Once Woodstock connects, city officials would start to see immediate savings since the new connection would allow them to eliminate slower connections and radio circuits currently provided by Comcast and other vendors, City Manager Roscoe Stelford said.
The city estimated it could save about $13,448 annually on Internet-related costs, although officials still would help manage the new network. The city’s projected operational costs for it total $33,784 a year, according to city documents.
But a more reliable, faster network greatly outweighs the cost savings, Stelford said. The potential economic development opportunities, allowing area businesses to buy and use the new network, alone makes the project significant, he said.
“Having that high-tech infrastructure in the City of Woodstock is going to be another feather in our cap for us to secure economic development opportunities,” Stelford said.
All five local governments in the proposed network would share the $2.11 million construction costs.
On paper, District 200 will contribute the most, responsible for $806,526 of the total cost.
The county would pay $760,526. Woodstock would contribute $386,624, while the 9-1-1 board and MCC would pay $105,800 and $54,423, respectively.

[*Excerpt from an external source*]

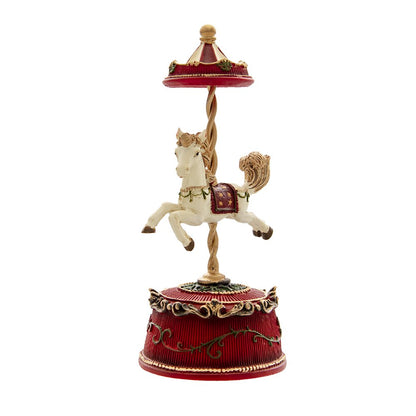 Muziekdoos paard 9x21 cm rood polyresin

But under the proposed agreement, both the county and city would cover District 200’s construction portion upfront. The district has agreed to pay back both groups in installments during the next four years.
Before voting for the agreement last week, Woodstock council member Mike Turner said he found it “mildly annoying” as a city taxpayer that District 200, which has a larger budget than Woodstock, would ask the city for financial help.
District spokeswoman Carol Smith said school officials were apprehensive about the project costs since numerous proposed bills in Springfield create financial unknowns for the district.
Among them, a bill that would change the school state aid formula dissuaded the district from a large, upfront commitment to the fiber-optic network, she said.
The district still sees benefits to the new network. The majority of its schools would connect to the fiber-optic lines, under the agreement.
“The long-term gain and benefit to our students and staff members is increased bandwidth, which is necessary for current and future technology needs in the classroom,” Smith said.